The goal of this dissertation is to develop and apply NMR methods for the analysis of heparin and its impurities. As a result of the intentional contamination of heparin with oversulfated chondroitin sulfate (OSCS), significant efforts have been placed on the development of analytical methods to evaluate heparin purity. To advance the suite of analytical methods available for heparin analysis, HPLC-NMR and diffusion NMR methods were developed for its characterization. Our HPLC-NMR method focuses on the WAX separation of intact glycosaminoglycans (GAGs) coupled to on-line UV and NMR spectroscopy for detection and identification of heparin contaminants. The weak anion exchange (WAX) method developed allows for the timely separation of heparin and its impurities, OSCS, dermatan sulfate, and chondroitin sulfate A. In addition to the study of heparin impurities using WAX-HPLC, the characterization of intact and digested heparin samples was investigated using diffusion NMR. Because the diffusion behavior of the intact biopolymers can be dominated by viscosity and molecular crowding effects even in dilute GAG solutions, NMR diffusion results must only be interpreted qualitatively. These limitations can be largely overcome by digesting heparin to low molecular weight oligosaccharides, significantly improving the resolution of heparin and its biopolymer impurities.

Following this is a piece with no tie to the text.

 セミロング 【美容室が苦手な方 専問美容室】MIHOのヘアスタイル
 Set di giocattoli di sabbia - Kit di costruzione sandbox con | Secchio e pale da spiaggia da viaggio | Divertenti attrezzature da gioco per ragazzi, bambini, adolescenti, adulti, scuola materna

The second part of this dissertation is on the characterization of heparin-derived oligosaccharides. Because of the structural complexity and heterogeneity of heparin and heparan sulfate, extensive or partial digestion of the full length polysaccharides is a common practice. Size-exclusion chromatography was used to separate digested heparin oligosaccharides into size-based fractions while SAX-HPLC was used to further purify individual oligosaccharides for NMR characterization. Although, NMR spectroscopy is a powerful tool for structure determination, it trails other analytical techniques in sensitivity. Microcoil NMR is an inexpensive method for enhancing the mass sensitivity of NMR allowing structure elucidation with 5-10 μg of isolated material. Results are presented showing the utility of microcoil NMR for the structure characterization of microgram amounts of heparin-derived tetrasaccharides, reducing the NMR sample requirements by 2-fold when compared to analysis in a Shigemi tube.
In Chapter 6, an IMPACT-HNMBC experiment was used in the detection of 15N in amino sugars through long-range couplings to carbon-bound protons of the sugar ring. Comparison of the ge-HMBC, IMPACT-HMBC and a modified IMPACT-HNMBC pulse sequence revealed improved sensitivity, resolution and reduced F1 noise with the IMPACT-HNMBC experiment.